Re: Overhead of io{read,write}{8,16,32,64} on x86
From: Peter Zijlstra
Date: Wed Nov 01 2023 - 06:28:59 EST
On Wed, Nov 01, 2023 at 10:08:42AM +0100, Arnd Bergmann wrote:
> On Tue, Oct 31, 2023, at 22:41, Jiaxun Yang wrote:
> > Hi all,
> >
> > I'm trying to improve Kernel's support of devices that have ioports
> > mapped into MMIO, that involves converting existing driver which is
> > using {in,out}{l,w,b} to use io{read,write}{8,16,32,64}, so they can
> > benefit from ioport_map and pci_iomap.
> >
> > However, the problem is io{read,write}{8,16,32,64} will incur penalty
> > on x86 by introducing extra function calls (they are not inlined) and
> > having extra condition judgment on MMIO vs PIO.
> >
> > x86 folks, do you think this kind of overhead is acceptable?
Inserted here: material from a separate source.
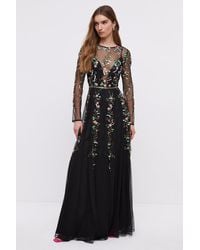 Coast - Hand Embellished Sequin Floral Panelled Maxi Dress - Lyst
I do think
> > most of PCI/ISA drivers will need to be converted.
> >
> > linux-arch folks, do you think it will be better if we introduce a
> > variant of io{read,write}{8,16,32,64} that direct to PIO on x86 but
> > remains the same functionality on other architectures?
>
> I think in general there is not much of a problem here since
> the inb()/outb() operations themselves are extremely slow already,
> in particular the outb() writes are non-posted unlike writeb().
>
> My feeling is that converting to ioread/iowrite is generally a win
> for any driver that already needs to support both cases (e.g.
> serial-8250) since this can unify the two code paths.
And here I looked at iowrite8 and find it includes tracing and all
sorts, which means it is unsuitable for things like early-serial and the
shiny new atomic write functionality of said serial-8250.